Thursday, December 23, 2010

Clap On, Clap Off

What tha? Are we in "Good Hands" from this administration regarding intelligence and security? Maybe they should worry less about control gained via FCC toward Net Neutrality and focus on protecting State department secrets and have awareness of worldwide terrorism activities...



Ignorance about terrorism--negligent and willful.


If Homeland Security Secretary Janet Napolitano's remark that the government is "working . . . 364 days a year to keep the American people safe" made you nervous, you can relax. In another interview in the same ABC News series, President Obama's "top aide on intelligence appeared to be completely unaware . . . of the arrests this week of 12 men accused of plotting an Al-Qaeda-inspired attack," Agence France-Presse reports:
US Director of National Intelligence James Clapper was asked about the attacks, with ABC News interviewer Diane Sawyer posing the questions: "First of all, London. How serious is it?
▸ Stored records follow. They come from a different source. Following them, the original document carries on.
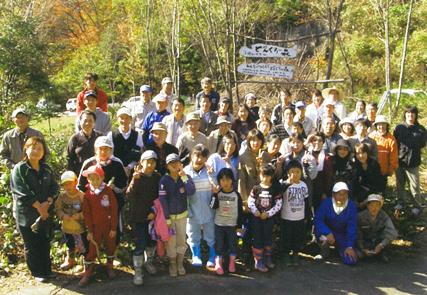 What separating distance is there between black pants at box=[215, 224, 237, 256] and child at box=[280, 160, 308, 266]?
67 centimetres

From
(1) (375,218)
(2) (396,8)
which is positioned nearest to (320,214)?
(1) (375,218)

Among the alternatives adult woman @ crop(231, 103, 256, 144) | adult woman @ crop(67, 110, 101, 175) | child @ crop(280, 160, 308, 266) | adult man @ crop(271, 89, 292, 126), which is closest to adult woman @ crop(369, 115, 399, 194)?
adult man @ crop(271, 89, 292, 126)

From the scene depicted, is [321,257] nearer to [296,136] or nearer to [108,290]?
[296,136]

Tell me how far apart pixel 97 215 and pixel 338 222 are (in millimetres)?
2908

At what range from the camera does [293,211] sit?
5180mm

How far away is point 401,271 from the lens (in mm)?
5086

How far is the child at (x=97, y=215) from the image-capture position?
15.2ft

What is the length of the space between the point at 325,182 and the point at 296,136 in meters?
0.72

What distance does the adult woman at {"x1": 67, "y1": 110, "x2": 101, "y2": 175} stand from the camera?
16.8 ft

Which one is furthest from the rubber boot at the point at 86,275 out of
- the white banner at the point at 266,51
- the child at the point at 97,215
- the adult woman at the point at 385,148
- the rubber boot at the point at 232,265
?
the white banner at the point at 266,51

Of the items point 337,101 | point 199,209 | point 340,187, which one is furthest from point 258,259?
point 337,101

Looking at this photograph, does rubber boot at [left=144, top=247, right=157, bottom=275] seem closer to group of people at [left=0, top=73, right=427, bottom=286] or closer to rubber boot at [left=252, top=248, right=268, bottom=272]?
group of people at [left=0, top=73, right=427, bottom=286]

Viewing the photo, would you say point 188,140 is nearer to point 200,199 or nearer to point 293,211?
point 200,199

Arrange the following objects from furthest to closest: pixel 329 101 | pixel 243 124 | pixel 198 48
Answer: pixel 198 48, pixel 329 101, pixel 243 124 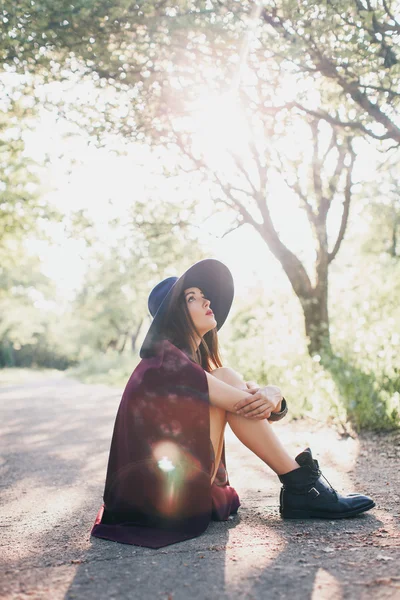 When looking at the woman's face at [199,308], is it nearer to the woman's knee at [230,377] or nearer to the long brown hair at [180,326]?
the long brown hair at [180,326]

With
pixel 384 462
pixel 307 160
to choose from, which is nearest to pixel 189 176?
pixel 307 160

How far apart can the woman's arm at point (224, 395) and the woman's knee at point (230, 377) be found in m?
0.20

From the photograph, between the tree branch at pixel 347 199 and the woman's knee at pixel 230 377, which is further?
the tree branch at pixel 347 199

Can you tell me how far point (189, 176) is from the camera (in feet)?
34.5

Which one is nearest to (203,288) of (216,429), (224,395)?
(224,395)

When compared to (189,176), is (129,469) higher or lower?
lower

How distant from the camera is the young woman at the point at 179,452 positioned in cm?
295

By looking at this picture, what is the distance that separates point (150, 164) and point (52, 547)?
823 centimetres

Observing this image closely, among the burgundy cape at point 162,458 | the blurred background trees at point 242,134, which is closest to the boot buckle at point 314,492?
the burgundy cape at point 162,458

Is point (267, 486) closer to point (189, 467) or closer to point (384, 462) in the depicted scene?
point (384, 462)

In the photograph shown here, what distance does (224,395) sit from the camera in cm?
304

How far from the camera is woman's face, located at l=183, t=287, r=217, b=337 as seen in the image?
3412 mm

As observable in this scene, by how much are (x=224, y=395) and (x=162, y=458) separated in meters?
0.46

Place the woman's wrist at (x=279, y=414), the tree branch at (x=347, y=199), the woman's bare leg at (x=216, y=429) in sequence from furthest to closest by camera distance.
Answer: the tree branch at (x=347, y=199) < the woman's wrist at (x=279, y=414) < the woman's bare leg at (x=216, y=429) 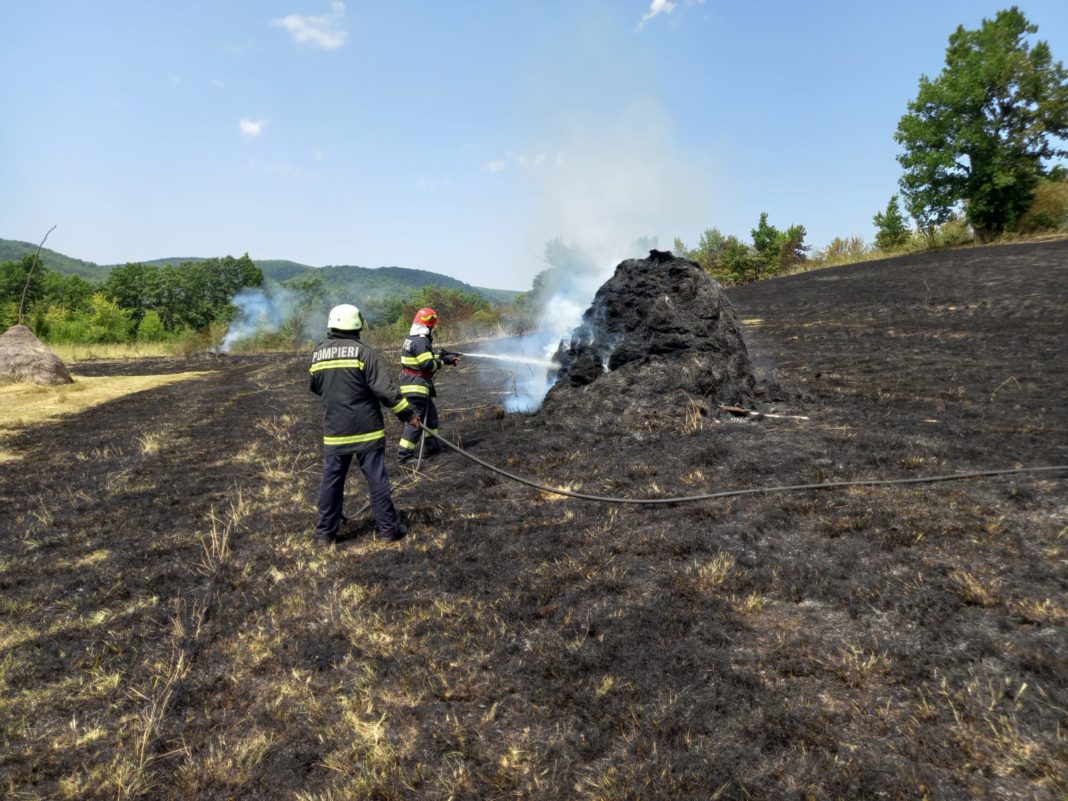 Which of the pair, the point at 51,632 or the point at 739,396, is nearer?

Any implication that it was coming here?"
After a long pause, Clapper replied, "London?" . . .
The 12 men were arrested Monday in a sweep in the Welsh capital Cardiff, the central English town of Stoke-on-Trent, Birmingham and in London.
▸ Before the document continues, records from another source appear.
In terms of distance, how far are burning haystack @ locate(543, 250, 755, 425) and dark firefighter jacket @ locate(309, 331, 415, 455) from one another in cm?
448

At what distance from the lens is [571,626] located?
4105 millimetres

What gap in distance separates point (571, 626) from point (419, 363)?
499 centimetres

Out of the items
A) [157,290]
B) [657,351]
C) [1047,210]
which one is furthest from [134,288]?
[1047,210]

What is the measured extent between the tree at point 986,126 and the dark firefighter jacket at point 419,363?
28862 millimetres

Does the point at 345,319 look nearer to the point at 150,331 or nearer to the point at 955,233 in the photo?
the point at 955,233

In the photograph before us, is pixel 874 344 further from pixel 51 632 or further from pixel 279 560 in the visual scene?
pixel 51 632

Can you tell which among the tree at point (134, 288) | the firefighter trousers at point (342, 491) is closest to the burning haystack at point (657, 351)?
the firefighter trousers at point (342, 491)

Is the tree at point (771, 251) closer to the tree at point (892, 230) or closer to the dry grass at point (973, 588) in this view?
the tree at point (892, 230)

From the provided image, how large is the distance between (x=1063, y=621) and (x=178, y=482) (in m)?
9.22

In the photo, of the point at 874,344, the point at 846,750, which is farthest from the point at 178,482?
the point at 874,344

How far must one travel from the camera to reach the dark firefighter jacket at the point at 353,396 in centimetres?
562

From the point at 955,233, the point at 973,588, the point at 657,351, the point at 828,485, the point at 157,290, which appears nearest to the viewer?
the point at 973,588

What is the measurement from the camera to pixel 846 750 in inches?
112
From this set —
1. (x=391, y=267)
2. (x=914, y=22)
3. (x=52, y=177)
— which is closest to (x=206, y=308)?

Sawyer brought up Clapper's apparent ignorance of the developments later in the interview.
"I was a little surprised you didn't know about London," she said.
"Oh, I'm sorry, I didn't," Clapper replied.
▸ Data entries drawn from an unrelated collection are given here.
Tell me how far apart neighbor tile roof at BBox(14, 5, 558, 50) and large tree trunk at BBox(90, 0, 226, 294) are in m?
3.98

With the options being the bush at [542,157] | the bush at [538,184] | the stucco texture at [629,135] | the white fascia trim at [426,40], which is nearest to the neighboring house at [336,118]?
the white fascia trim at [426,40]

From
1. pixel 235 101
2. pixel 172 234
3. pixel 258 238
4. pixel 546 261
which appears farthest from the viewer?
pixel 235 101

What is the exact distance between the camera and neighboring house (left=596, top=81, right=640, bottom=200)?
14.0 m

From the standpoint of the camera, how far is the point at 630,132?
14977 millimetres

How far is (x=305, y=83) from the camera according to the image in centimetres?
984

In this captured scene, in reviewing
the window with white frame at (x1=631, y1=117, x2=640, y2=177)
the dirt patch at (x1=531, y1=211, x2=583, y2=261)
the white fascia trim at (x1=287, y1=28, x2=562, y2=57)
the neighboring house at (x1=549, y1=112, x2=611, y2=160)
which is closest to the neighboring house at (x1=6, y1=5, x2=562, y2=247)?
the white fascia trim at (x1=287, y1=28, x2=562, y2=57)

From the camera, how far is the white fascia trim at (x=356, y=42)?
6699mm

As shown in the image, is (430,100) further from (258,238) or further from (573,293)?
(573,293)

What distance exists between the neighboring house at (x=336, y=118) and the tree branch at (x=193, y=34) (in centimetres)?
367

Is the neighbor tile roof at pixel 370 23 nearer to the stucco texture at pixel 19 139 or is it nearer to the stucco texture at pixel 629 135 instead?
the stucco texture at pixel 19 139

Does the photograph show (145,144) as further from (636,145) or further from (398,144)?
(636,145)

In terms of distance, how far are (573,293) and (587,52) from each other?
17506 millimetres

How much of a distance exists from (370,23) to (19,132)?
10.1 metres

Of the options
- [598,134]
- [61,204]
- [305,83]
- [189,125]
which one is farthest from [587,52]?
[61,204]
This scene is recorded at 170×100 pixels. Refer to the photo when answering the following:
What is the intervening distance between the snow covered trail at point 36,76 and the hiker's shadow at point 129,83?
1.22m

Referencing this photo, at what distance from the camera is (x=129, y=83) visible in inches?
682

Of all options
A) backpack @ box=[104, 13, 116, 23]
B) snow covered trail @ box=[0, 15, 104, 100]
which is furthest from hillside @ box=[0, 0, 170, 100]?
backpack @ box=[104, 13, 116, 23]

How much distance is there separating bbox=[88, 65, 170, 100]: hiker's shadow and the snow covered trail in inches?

Later Clapper's office put out a statement calling the question "ambiguous" and asserting: "The DNI's knowledge of the threat streams in Europe is profound and multi-dimensional, and any suggestion otherwise is inaccurate."
[botwt1222]
Profound and multidimensional or not, the Daily Beast's Howard Kurtz opines, Clapper's unpreparedness "inevitably calls to mind the moment during Hurricane Katrina when FEMA's Michael Brown was unaware during a Nightline interview of deteriorating conditions in Louisiana's Superdome, despite constant news reports that day."
But we are reassured. Obviously Clapper gave the interview on the one day of the year when the government was not working to keep the American people safe. That means we don't have to worry about that day coming again.
Well, until next year--and that's a long way off.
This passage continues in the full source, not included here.